The short answer is not enough. An article in the NY Times summarizes the key reasons:

  • Large pharmaceutical firms are refusing to work on new antibiotics, saying that they will not produce enough profits. This is because most antibiotics are prescribed for just days or weeks — unlike medicines for chronic conditions like diabetes or rheumatoid arthritis that have been blockbusters for them;
  • The newer antibiotic startups that have invested billions to develop these drugs have not found a way to make money selling them and are going bankrupt;
  • A new antibiotic can cost $2.6 billion to develop and the biggest part of that cost is the failures along the way;
  • Coming up with new compounds is no easy feat; only two new classes of antibiotics have been introduced in the last 20 years;
  • Many of the new drugs are not affordable by consumers, at least when compared to older generics that can cost a few dollars a pill. A typical course of Xerava, a newly approved antibiotic that targets multi-drug-resistant infections, can cost as much as $2,000;
  • Many hospitals have been unwilling to pay high prices for these new therapies;
  • Doctors have become reluctant to prescribe the newest medications, after years of being bombarded with warnings against over-prescribing antibiotics;
  • Public health experts say the crisis calls for government intervention. Among the ideas that have wide backing are increased reimbursements for new antibiotics, federal funding to stockpile drugs effective against resistant germs and financial incentives that would offer much needed aid to start-ups and lure back the pharmaceutical giants. Despite bipartisan support, legislation aimed at addressing the problem has languished in Congress.

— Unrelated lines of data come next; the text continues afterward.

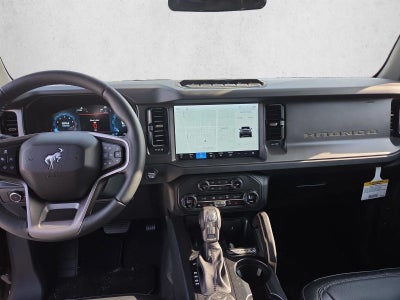 2026 Ford Bronco Badlands 4 Door Advanced 4x4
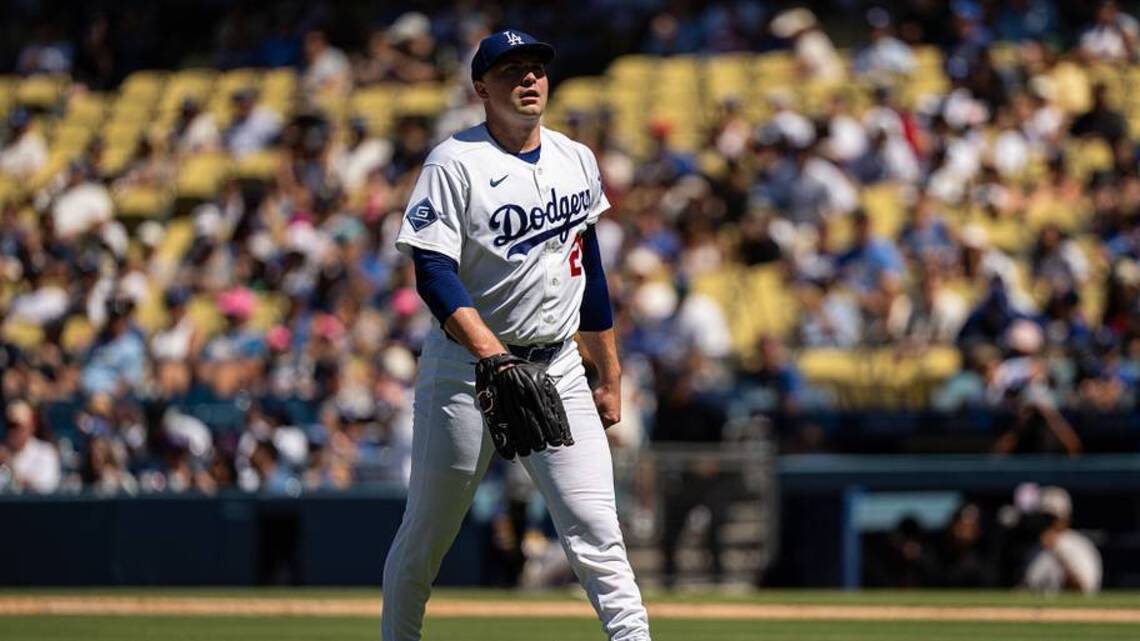 Dodgers' Tarik Skubal Usage Already Raising Eyebrows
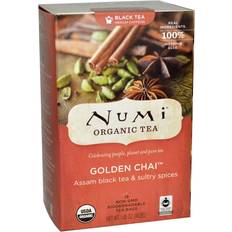 Numi Golden Chai 46.8g 18pcs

Now that all federal resources are dedicated to solving the COVID-19 pandemic, it’s not likely that the looming antibiotics resistance crisis will be solved any time soon.

The UK Is Also Working on Solutions

The UK has recognized the antibiotics crisis and has published a five-year strategy to work on it.  The initiative is known as Antibiotic Action (read more about it here).   Antibiotic Action, established in 2011 is a global public awareness initiative to inform everyone about drug resistance, and is wholly funded by the British Society For Antimicrobial Chemotherapy (BSAC). It is led by Dr. Nick Brown, Director of Antibiotic Action and Consultant Medical Microbiologist, Addenbrooke’s Hospital, Cambridge.

So, What Can Be Done in the Meantime?

We are working with UTI sufferers around the world to provide them with information about alternatives to antibiotics.

As medical researchers, we are constantly scouring the Internet for new scientific advances related to urinary tract infections.  We post the information that we find on our website www.understandingutis.com.

We also conduct our own quantitative market research on this topic every six months to find out what UTI sufferers are finding most effective in treating the various types of UTIs. We continue to publish blogs and newsletters on the findings of this research.

Our current estimate is that 18% of all adults over the age of 18 are living with recurring UTIs, most of which are due to antibiotics resistance.  That’s over 38 million people who share your pain and frustration.